--- SUPPLIED DATA ---

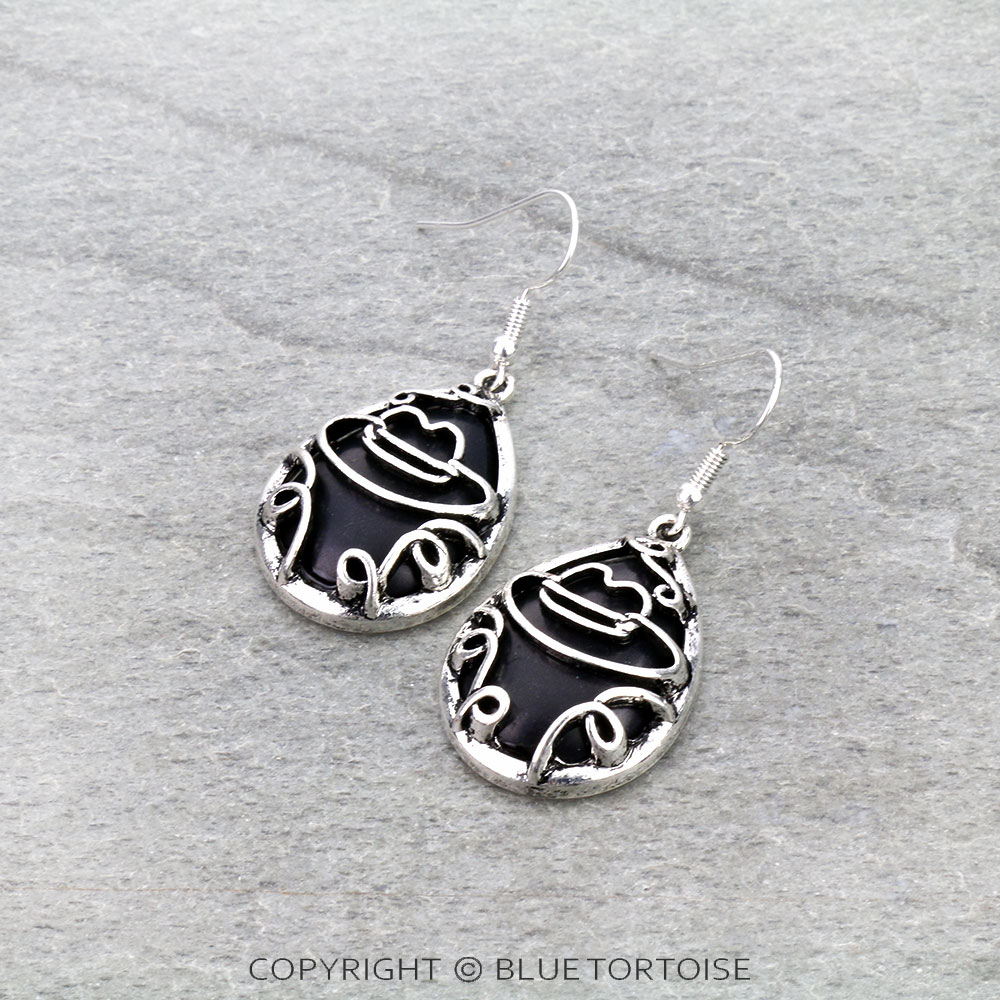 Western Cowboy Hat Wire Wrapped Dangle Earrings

---
--- SUPPLIED DATA ---

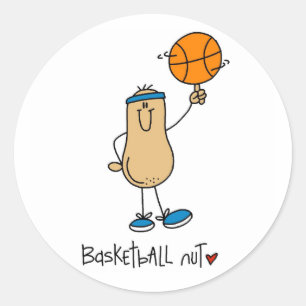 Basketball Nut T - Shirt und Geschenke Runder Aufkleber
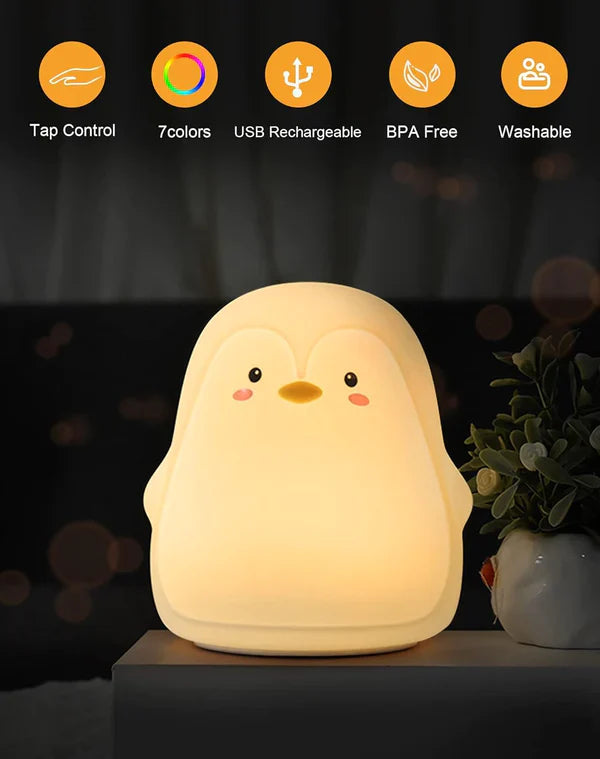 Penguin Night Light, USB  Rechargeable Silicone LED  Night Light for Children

---
--- SUPPLIED DATA ---

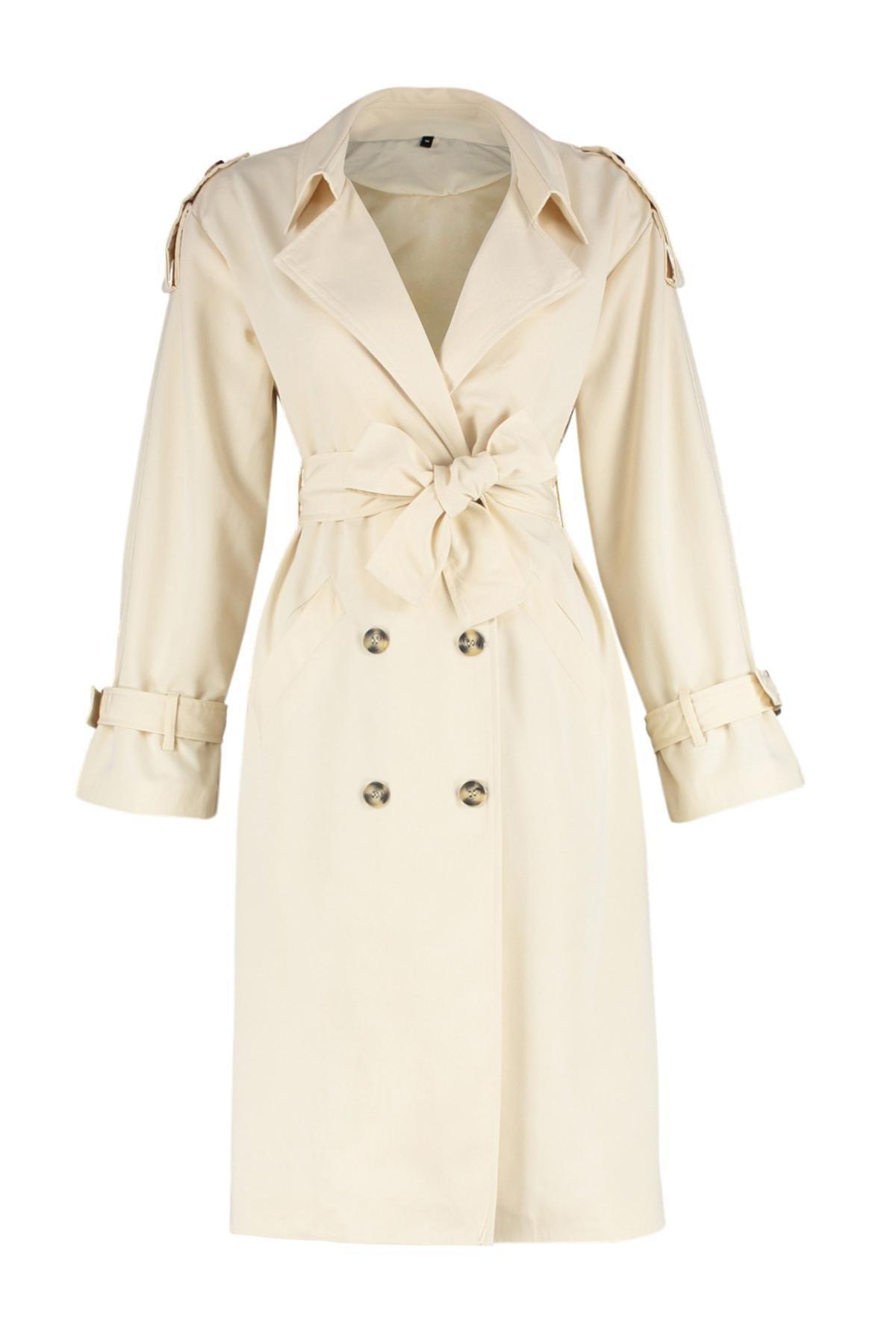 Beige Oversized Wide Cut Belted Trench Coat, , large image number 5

---

**TRY IT**
Start at the line containing "Basketball Nut T" above and stop at the line containing "Penguin Night Light, USB". Output those lines exactly, both included, but none of the pictures.

**RESPONSE AREA**
 Basketball Nut T - Shirt und Geschenke Runder Aufkleber
 Penguin Night Light, USB  Rechargeable Silicone LED  Night Light for Children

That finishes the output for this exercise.